На этом наш начальник курса, удовлетворившись собой, готов был закончить экзекуцию, как вдруг взгляд его упал на длиннющие скрюченные пальцы Стопинцева, то и дело медленно двигавшиеся, свисая из сандалий на пол кафедры. Уткин подошёл к жертве и остановился, слегка поводя подбородком в сторону, подобно герою Леонида Броневого в известном киносериале (вообще, мне казалось это сходство: внешнее и поведенческое, далеко не случайным), заложив руки сзади и медленно раскачиваясь с носков на пятки.

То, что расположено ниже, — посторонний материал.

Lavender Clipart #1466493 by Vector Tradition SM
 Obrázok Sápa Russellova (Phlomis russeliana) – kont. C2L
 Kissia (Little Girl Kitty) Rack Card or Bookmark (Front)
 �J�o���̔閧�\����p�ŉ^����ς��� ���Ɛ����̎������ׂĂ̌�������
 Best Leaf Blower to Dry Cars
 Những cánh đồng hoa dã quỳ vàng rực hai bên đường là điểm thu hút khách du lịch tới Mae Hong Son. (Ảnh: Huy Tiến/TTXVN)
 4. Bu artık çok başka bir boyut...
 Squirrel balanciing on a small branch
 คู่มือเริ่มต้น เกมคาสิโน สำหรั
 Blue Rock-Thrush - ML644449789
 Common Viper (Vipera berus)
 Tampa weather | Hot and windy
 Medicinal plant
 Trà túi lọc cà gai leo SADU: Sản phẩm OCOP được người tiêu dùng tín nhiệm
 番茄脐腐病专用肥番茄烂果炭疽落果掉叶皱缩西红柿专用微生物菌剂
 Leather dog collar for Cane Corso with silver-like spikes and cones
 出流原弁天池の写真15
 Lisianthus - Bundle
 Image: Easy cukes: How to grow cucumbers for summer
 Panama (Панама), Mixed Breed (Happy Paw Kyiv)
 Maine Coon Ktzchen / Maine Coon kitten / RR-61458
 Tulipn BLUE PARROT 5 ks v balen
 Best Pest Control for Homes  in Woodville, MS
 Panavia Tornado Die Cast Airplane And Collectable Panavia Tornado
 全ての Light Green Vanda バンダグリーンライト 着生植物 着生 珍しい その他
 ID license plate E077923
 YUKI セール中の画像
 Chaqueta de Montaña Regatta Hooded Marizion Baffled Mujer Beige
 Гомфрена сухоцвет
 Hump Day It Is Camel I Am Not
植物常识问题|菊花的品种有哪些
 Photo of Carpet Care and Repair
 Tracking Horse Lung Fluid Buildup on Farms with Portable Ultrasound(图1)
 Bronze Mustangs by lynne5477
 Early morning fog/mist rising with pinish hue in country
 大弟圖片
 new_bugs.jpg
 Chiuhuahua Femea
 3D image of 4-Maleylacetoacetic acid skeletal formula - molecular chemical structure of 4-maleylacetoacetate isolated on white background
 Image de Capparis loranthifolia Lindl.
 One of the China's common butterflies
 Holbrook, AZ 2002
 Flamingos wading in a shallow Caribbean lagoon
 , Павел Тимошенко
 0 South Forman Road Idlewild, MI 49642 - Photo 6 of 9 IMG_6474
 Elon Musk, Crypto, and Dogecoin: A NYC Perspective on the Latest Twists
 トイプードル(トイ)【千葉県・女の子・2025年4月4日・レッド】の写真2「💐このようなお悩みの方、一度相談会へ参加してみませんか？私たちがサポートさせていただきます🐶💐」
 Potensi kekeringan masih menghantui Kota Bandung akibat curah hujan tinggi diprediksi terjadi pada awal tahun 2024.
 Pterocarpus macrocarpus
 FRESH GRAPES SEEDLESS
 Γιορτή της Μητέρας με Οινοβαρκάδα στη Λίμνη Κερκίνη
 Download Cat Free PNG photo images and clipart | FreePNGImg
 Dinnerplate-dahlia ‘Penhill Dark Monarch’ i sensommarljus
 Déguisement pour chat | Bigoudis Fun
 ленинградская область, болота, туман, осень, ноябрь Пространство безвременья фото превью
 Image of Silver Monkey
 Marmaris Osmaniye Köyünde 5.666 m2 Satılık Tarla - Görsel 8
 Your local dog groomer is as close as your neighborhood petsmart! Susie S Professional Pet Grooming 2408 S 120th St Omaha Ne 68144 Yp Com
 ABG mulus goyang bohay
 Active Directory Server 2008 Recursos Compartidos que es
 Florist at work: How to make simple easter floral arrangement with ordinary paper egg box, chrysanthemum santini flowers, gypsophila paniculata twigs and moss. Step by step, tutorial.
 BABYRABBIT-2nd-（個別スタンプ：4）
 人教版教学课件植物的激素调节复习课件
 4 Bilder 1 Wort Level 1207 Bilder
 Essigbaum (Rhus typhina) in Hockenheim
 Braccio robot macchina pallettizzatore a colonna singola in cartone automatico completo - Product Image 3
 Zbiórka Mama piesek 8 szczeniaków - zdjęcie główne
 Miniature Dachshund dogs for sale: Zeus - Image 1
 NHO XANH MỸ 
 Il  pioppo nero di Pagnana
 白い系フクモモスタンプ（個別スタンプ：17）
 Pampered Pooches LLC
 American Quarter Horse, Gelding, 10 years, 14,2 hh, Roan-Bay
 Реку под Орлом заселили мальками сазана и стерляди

Надо сказать, что разводы подполковник Уткин проводил дольше всех остальных офицеров кафедры, что позволяло студентам других курсов понаблюдать за «представлением», стоя тут же, но чуть в сторонке. В тот миг, когда Уткин дошёл до Стопинцева, в коридоре военной кафедры повисла гробовая тишина. Студенты и даже некоторые другие офицеры, выглянув из классных комнат, ждали развязки. Напрасно всем казалось, что изощрённый за долгие годы службы в советской и российской армии мозг подполковника Уткина не находит достойных метафор.
- Вас как зовут, о, посланник Олимпа!? – наконец, произнёс он.
- Студент Стопинцев, товарищ, подполковник!
- Имя Ваше как, товарищ студент!
- Иван, товарищ подполковник!
Уткин ласково улыбнувшись, какое-то время, не отрываясь, смотрит Стопинцеву в глаза, продолжая качаться, после чего переводит взгляд на сандалии и спокойно произносит.
- Пошёл нах**, Ваня!
Сообразив суть прозвучавшего, Стопинцев выходит из строя, берёт пакет с вещами и покидает коридор военной кафедры, но, как оказалось, не навсегда. Всё-таки, вскоре ему как-то удалось договориться и получить разрешение присутствовать на разводах в гражданской обуви, конечно, не в сандалиях, а в длиннющих первоначально коричневых ботинках, замазанных жирным слоем гуталина.
Примерно с такого заряда бодростью начинался каждый наш день на кафедре, и так же заканчивался. Через год Уткина, у которого мы были вторым курсом (при положенном одном), сменил подполковник Русланов. Разводы, конечно, остались, но по сравнению с предыдущим это уже были не разводы, а школьные линейки. И максимум, что мог придумать новый начальник курса, это назвать нас «неандерлитанцами» или спросить о причине опоздания или отсутствия того или иного студента, не накатилась ли жена ему на майку в кровати, что тот не смог подняться.